By the end of the quarter, we were back up to where we wanted to be. And in fact, at the moment, we’re probably a little bit ahead of there. So that which is fine with that. If I look at customer repayments, we have seen our increase in terms of the customer repayments, what we work with our customers is, since mortgages have started to rise at Q4 last year, more than 70% of eligible customers have taken the opportunity to refinance early in the six month window that we give them. So that they can take advantage of those lower those lower rates by securing them early in the process. We can see that about 35% of customers are making an overpayment at the point of refinancing. In absolute terms, we saw lump sum repayments in Q2 of about £500 million, which just to give you a feel for that would be about double what we would have seen in Q2 of last year.
So people are definitely looking to pay up a little bit more on that. But I think it’s also important to know that mortgage balances grew by 1.9 billion in the quarter net of this elevated lump sum repayment number. A bigger factor for the overall mortgage balances from here, I think, is the macroeconomic outlook. And then, we do see that people are using some of their deposits to make that payment. Incredibly logical thing for people to do, as we move on from there. And then in terms of NIBS and IBBS. We do expect the NIBS to reduce a little bit further, it’s very hard to be definitive of where they settle. I think there’s not really a historic narrative that we can look at to help us guide that. So we are watching different customer cohorts very closely, a couple of kind of supporting factors on them, we do see wage inflation.

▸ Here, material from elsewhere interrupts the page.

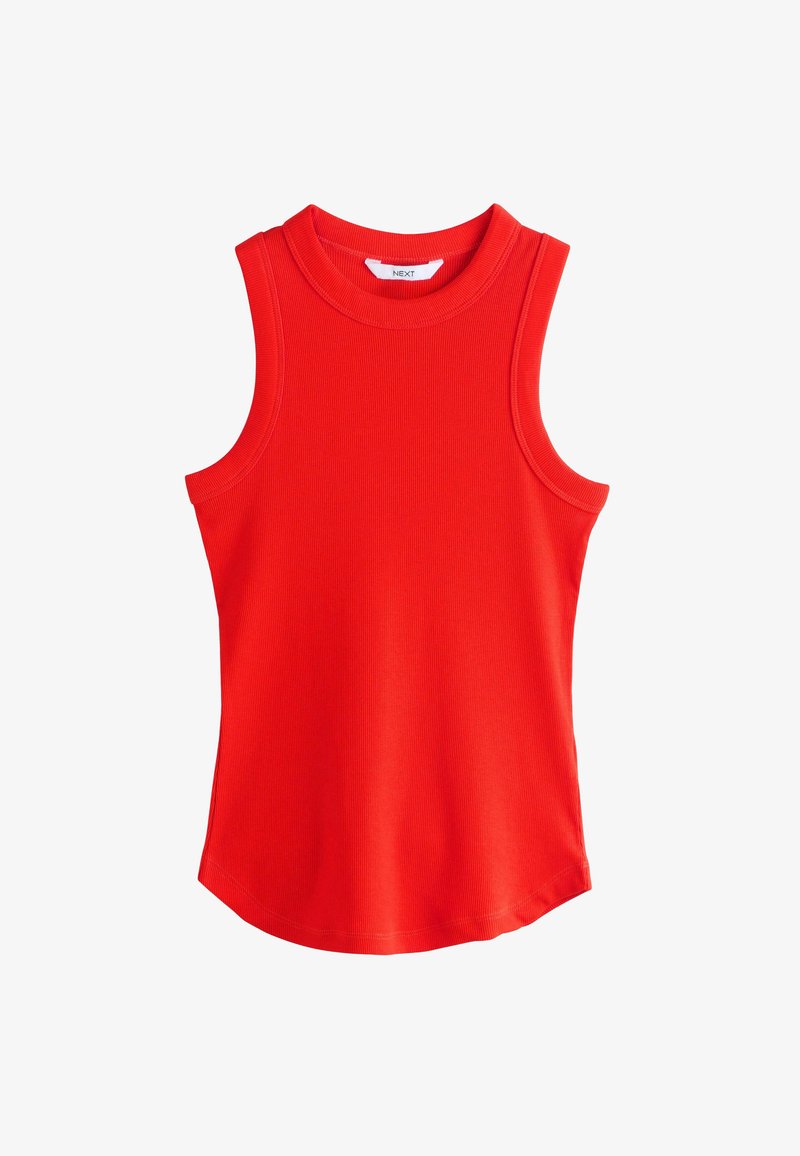 Rood geribd tanktop met mouwloos ontwerp, brede ronde halslijn en een licht gebogen zoom. Soepele textuur, gemaakt van rekbare stof.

And we do see people reengaging with savings of course, which kind of makes that move and as well as the deleveraging of growth. But at the moment, we’ve made some assumptions as to where it will go from here. But we’re comfortable with in terms of that 14.8 million income that we’ve guided for this year and being at the upper end of that 14% to 16% royalty as well. But I think there’s a lot of different moving parts, but hopefully that Slide eight is helpful to you. So I’m glad you like it. Thanks very much Guy.
Operator: Thanks. Our next question comes from Andrew Coombs of Citi.
Andrew Coombs: I had one question for Howard, and for Katie, please. Just for Howard, just on permanent CEO succession planning? How would you envisage the process playing out from here and any thoughts on timing? And then for Katie, as someone asked about liquid asset buffer, given that the AIEA is excluded from the bank NIM, [indiscernible] it’s gone from 162 to 152. So any thoughts on the trajectory there going forward as well, please? Thank you.
Howard Davis: Yes, thanks, Andrew. Let me take you through it as clearly as I can. And I’ve been here for just over eight years. So if you look at the corporate governance code, which says that nine years is pretty much effectively the maximum norm. We decided to begin the search, we announced in April, the senior independent director would begin the search. So they appointed headhunters then. And that’s a matter for them. I’m not directly involved in that. So that’s underway. This, of course has come in the middle of that period. Therefore, since I think the replacement for me in due course will need to be behind a choice of long-term CEO. We decided that we would implement what was already our contingency plan and asked Paul to take over as Chief Executive.